Hissiyatlarımızın modüllerinden senli olma modunun pin kodlarını çözerek çözülmüştüm sana.
Gecenin zor/karanlık bir saatinde hecelenen yalnızlığımızı siliyoruz kalabalık coşkulara. Bir sonraki şarkının verdiğin heyecan ve duygunun kapılmışında radyo radyo geziyoruz seni çalmanın dahası ikimizin sevdiği Feriddin Düzağaç’tan bir parça arıyoruz.
Zihin mekanizmalarındaki aksak seslerin aksanı benim aksanımla birleşince bizce bir dille konuşuyoruz sen üstüne.
Neden bana gelişini görebilmek için ay ışığını beklerken bir karanlık oturuyor geceye. İyotlarını koyuyor ortaya …Hangi çözeltide çözüleceğiniz henüz hesaplayamadım.Karanlık üstelik deney yapamayız.Yalnız tensel deneyler zarar vermezi denemek gerekliğinde dudaklar ödevini yapıyordu.

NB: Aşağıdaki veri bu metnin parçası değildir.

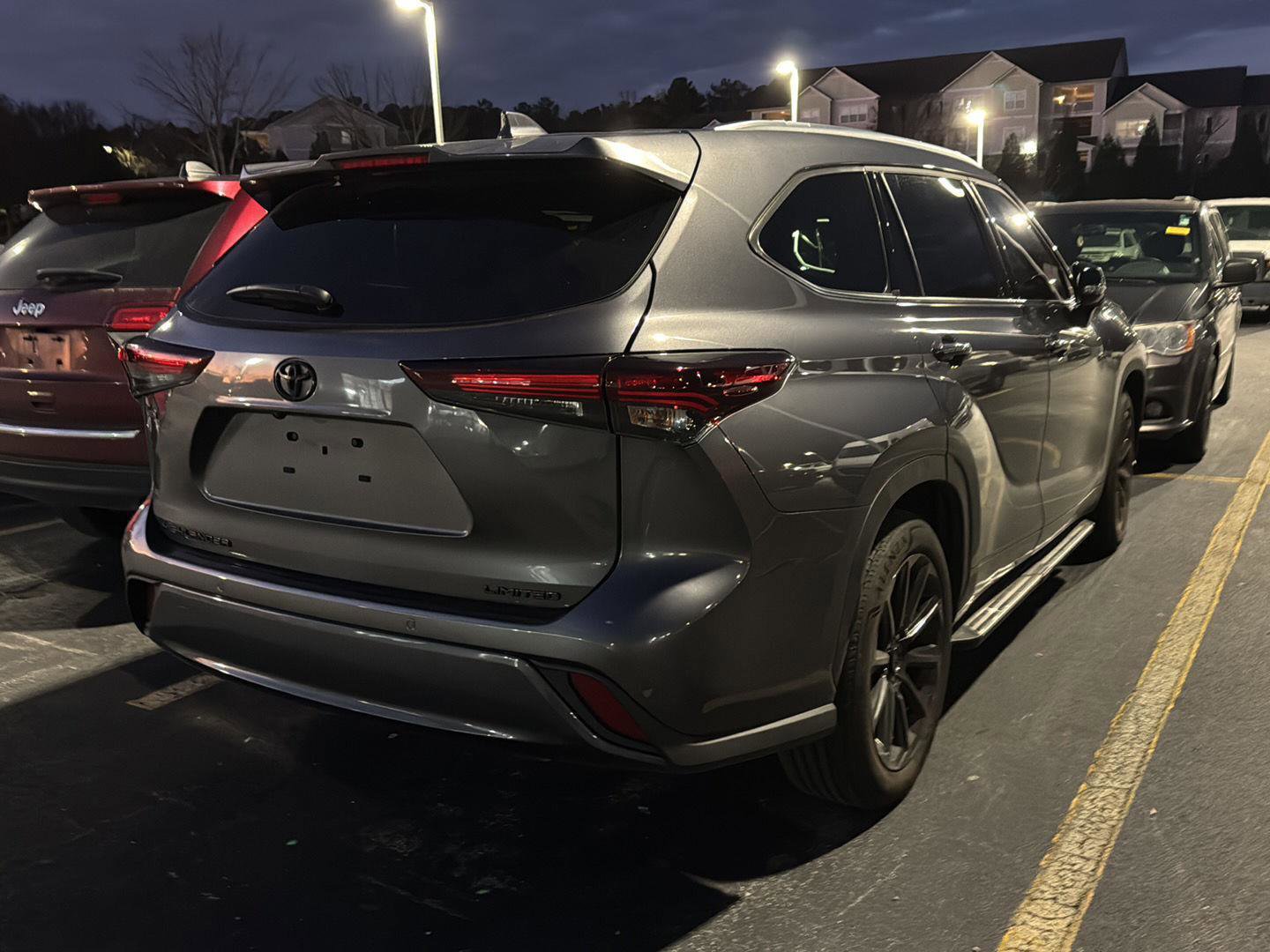 Used 2025 Toyota Highlander Limited image 6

''Uyku''çekilme prizmalı bilinçaltından gözkapaklarımızı kaçırıyor bilince. Gözler zorluyor uyumayı.Bir ömür beklemişim seni,hemen uyumak bizim bulutlar arasında uyuyan ay’a yazık.Ay yok, nefsin ayıları oynaşırken içimizde suların sularla buluşma sondajında ince sınırı eşme hürriyetini yaşadık.Gece kendiliğinden teslim oldu kollarında.
Denizler ortasında bak yelkensiz bıraktın,
Öylesine yıktın ki bütün inançlarımı;
Beni bensiz bıraktın; beni sensiz bıraktın.